START Data to use

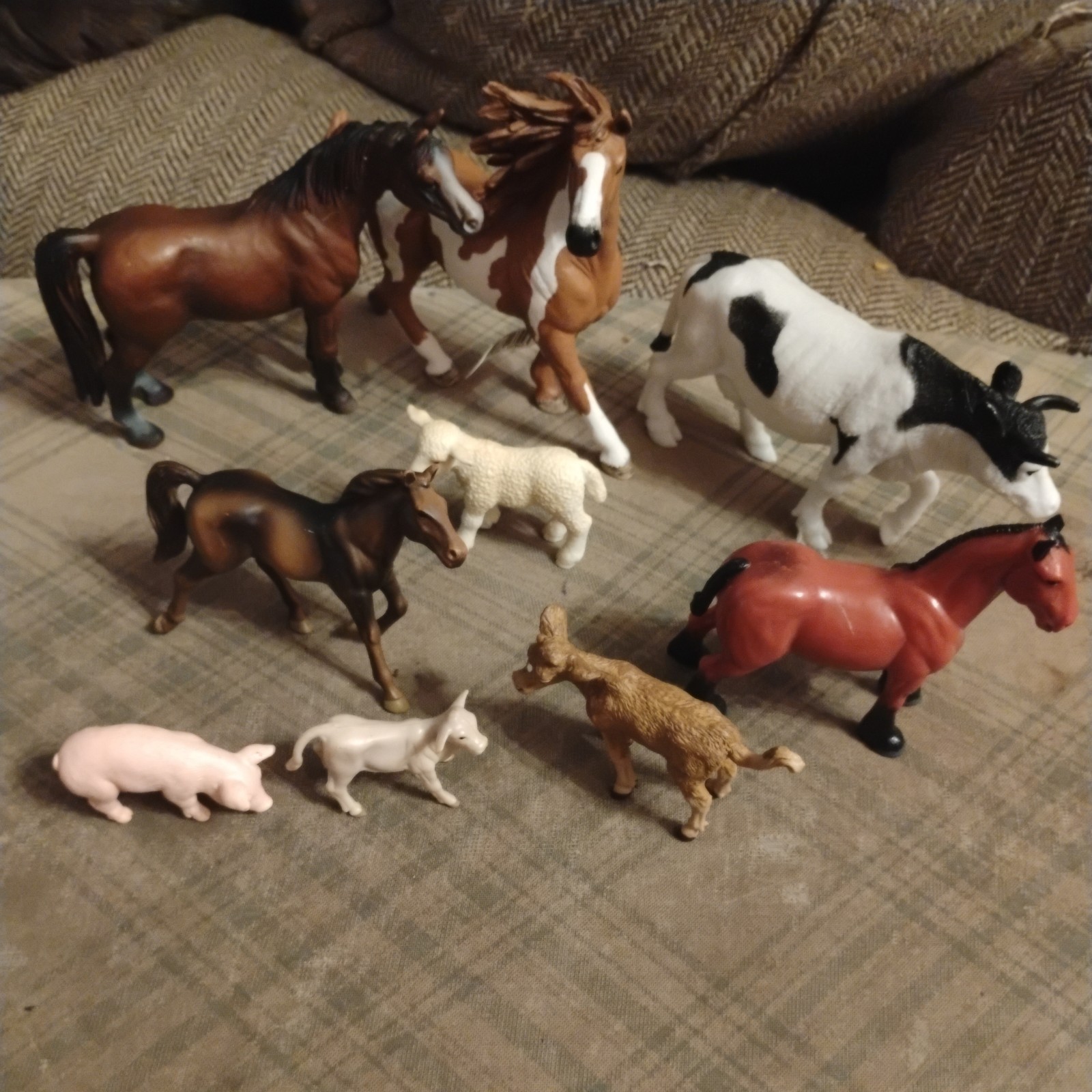 Schleich, Safari Farm toy Animals Assortment of 9 Schleich, Safari Farm toy Animals Assortment of 9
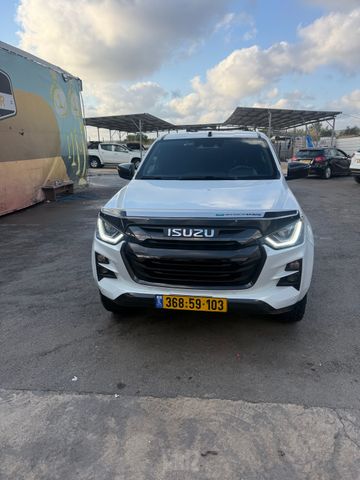 איסוזו די-מקס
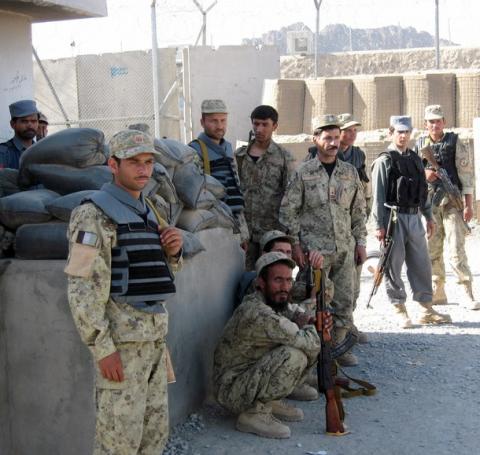 Binh sĩ Afghanistan bên ngoài nhà tù Sarposa ở Kandahar. Dư luận đang hoài nghi về khả năng gánh vác trách nhiệm an ninh của lực lượng này sau khi NATO bắt đầu rút khỏi Afghanistan vào tháng 7 tới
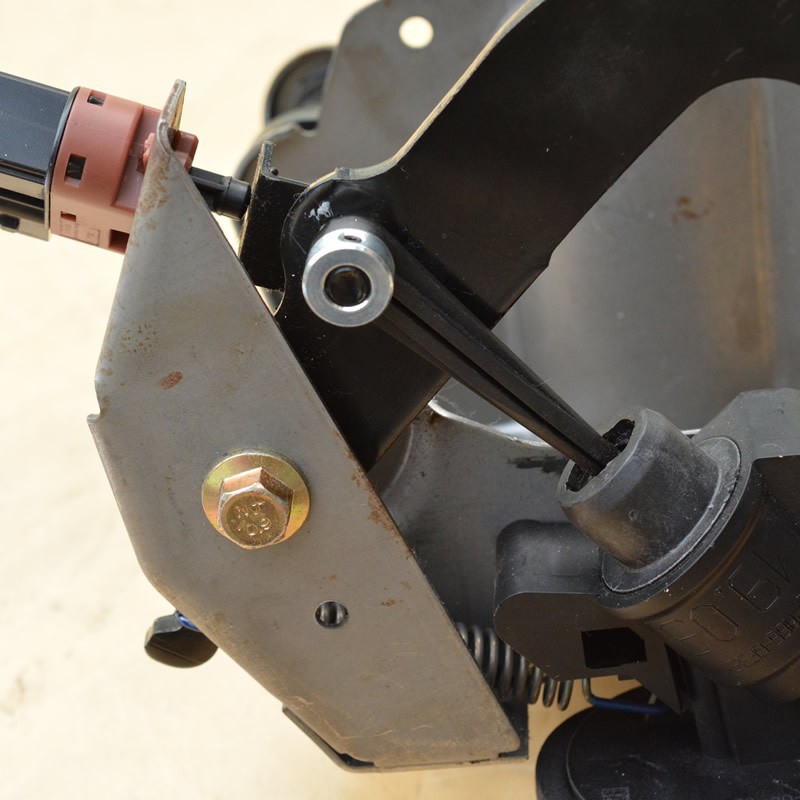 Ask The Mechanic.co.uk Clutch Pedal Repair Clip Collar 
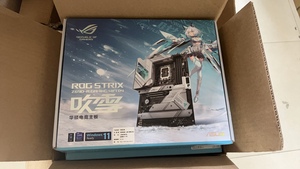 华硕 玩家国度 ROG STRIX Z690-A GAMING WIFI D5吹雪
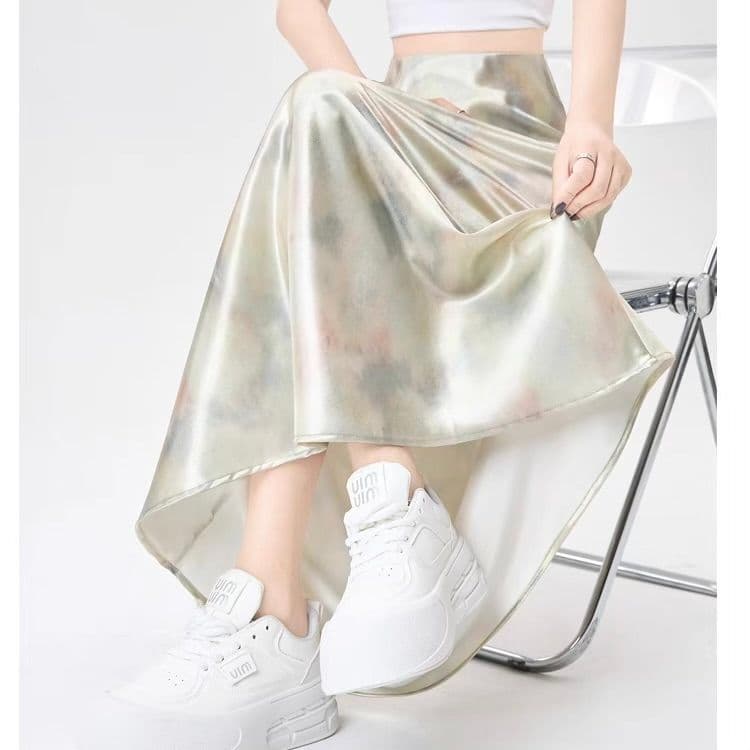 モード系 体型カバーも映えも叶える｜骨格ストレート向け水彩グラデーションスカート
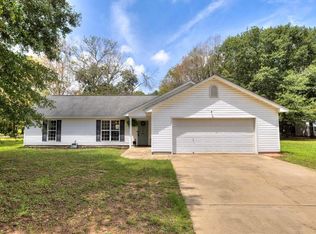 1240 Monterey Dr, Sumter, SC 29154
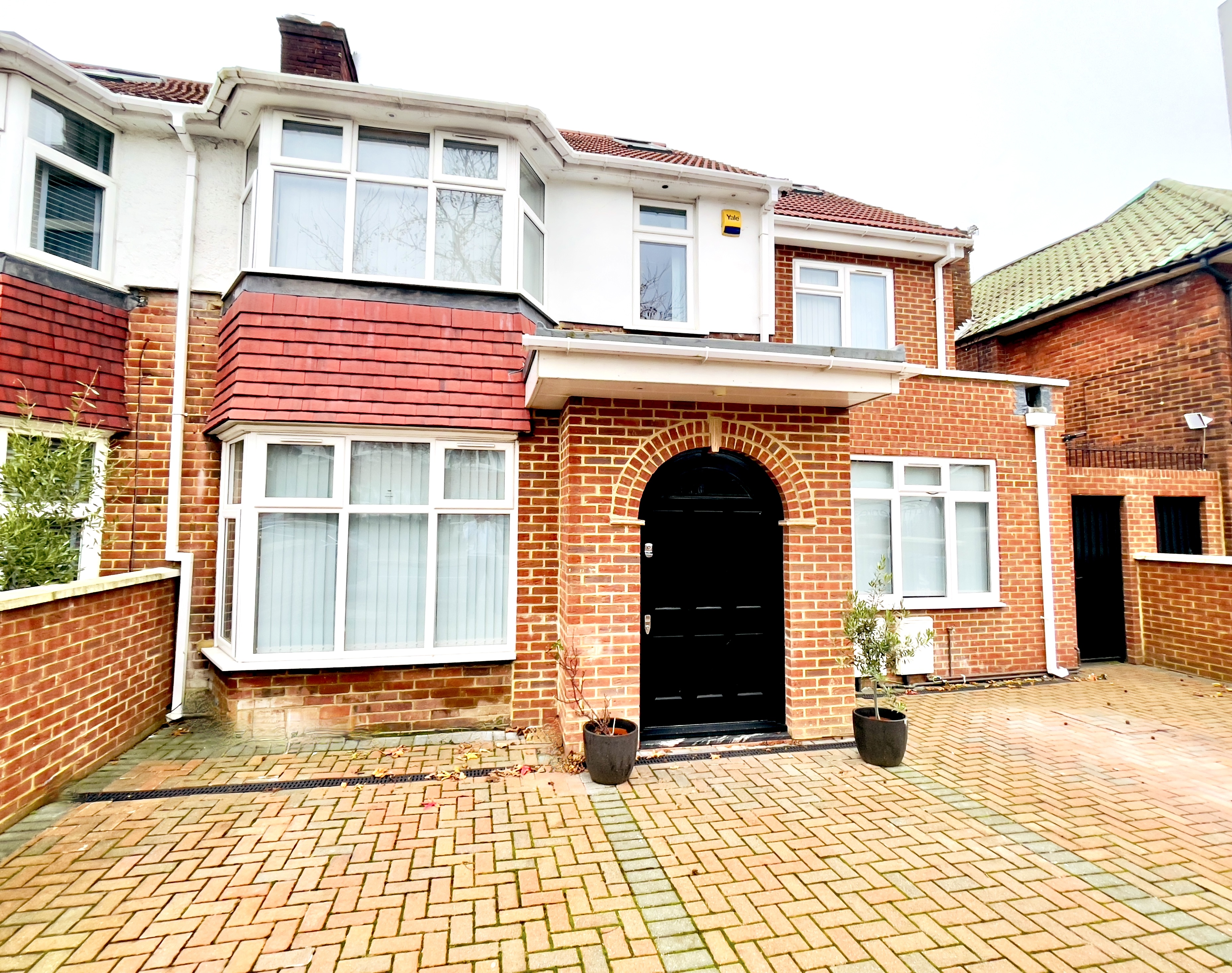 5 bedroom detached house for sale in New Malden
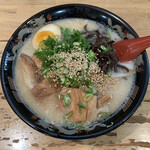 豚骨ラーメン 銀水 - プレミアム銀水チャーシューメン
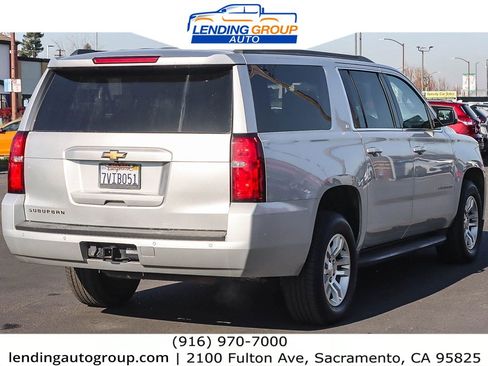 Used 2016 Chevrolet Suburban LT image 4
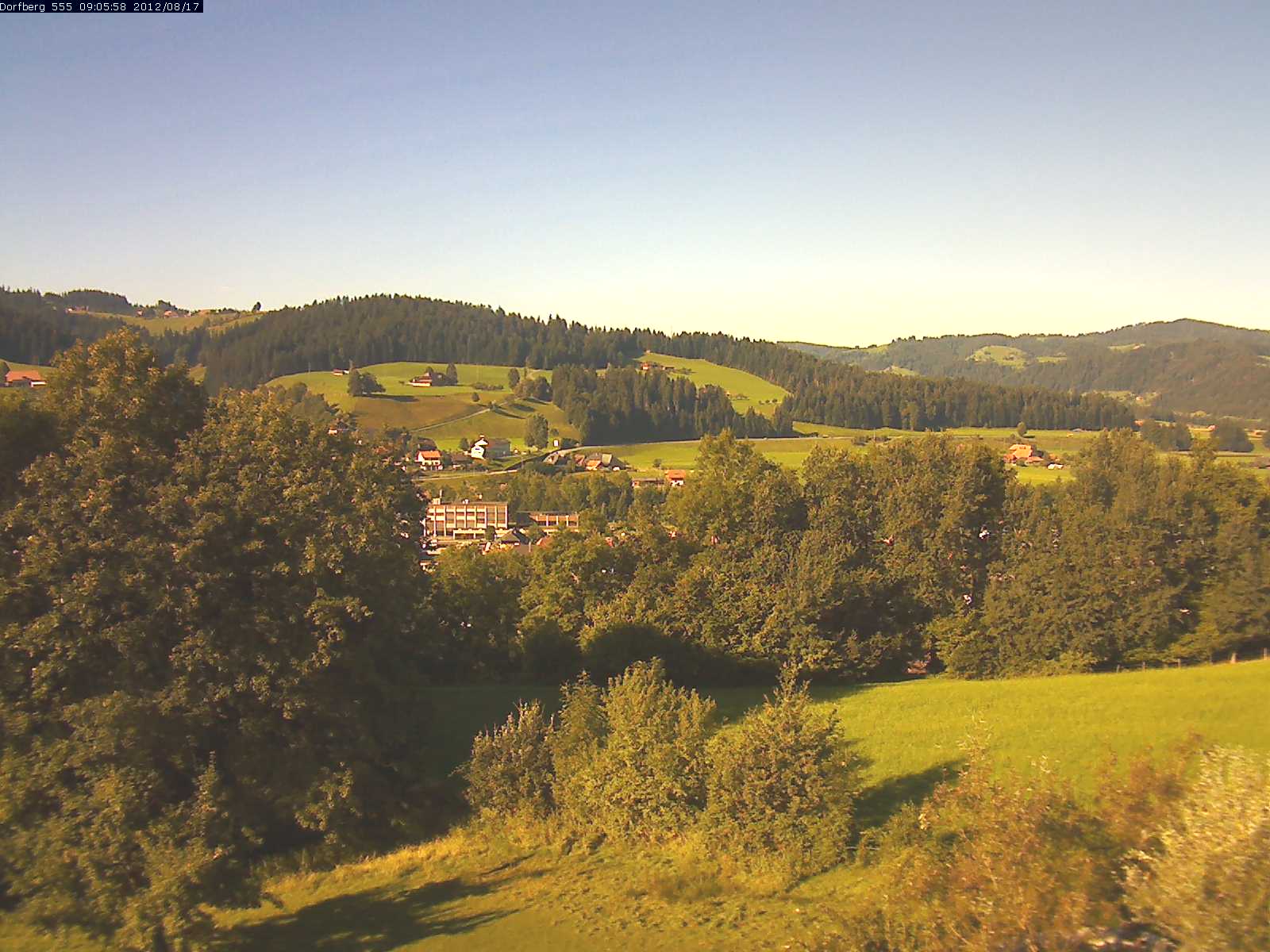 Webcam-Bild: Aussicht vom Dorfberg in Langnau 20120817-090600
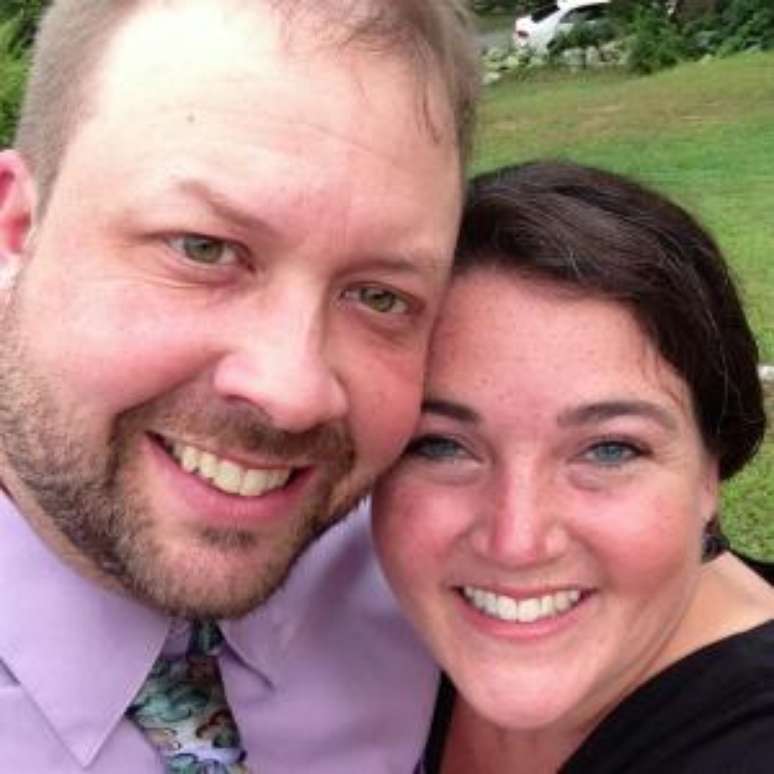 Dereck e Angela disseram ficar bastante preocupados com a seguran&ccedil;a dos filhos depois que escola n&atilde;o chamou a pol&iacute;cia na hora do "desaparecimento"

END Data to use

#### [Exercise brief]
From the records above, write out exactly the lines that begin at the line with "5 bedroom detached" and end at the line with "Webcam-Bild: Aussicht vom". Pictures must not appear in the output.

#### [Written reply]
 5 bedroom detached house for sale in New Malden
 豚骨ラーメン 銀水 - プレミアム銀水チャーシューメン
 Used 2016 Chevrolet Suburban LT image 4
 Webcam-Bild: Aussicht vom Dorfberg in Langnau 20120817-090600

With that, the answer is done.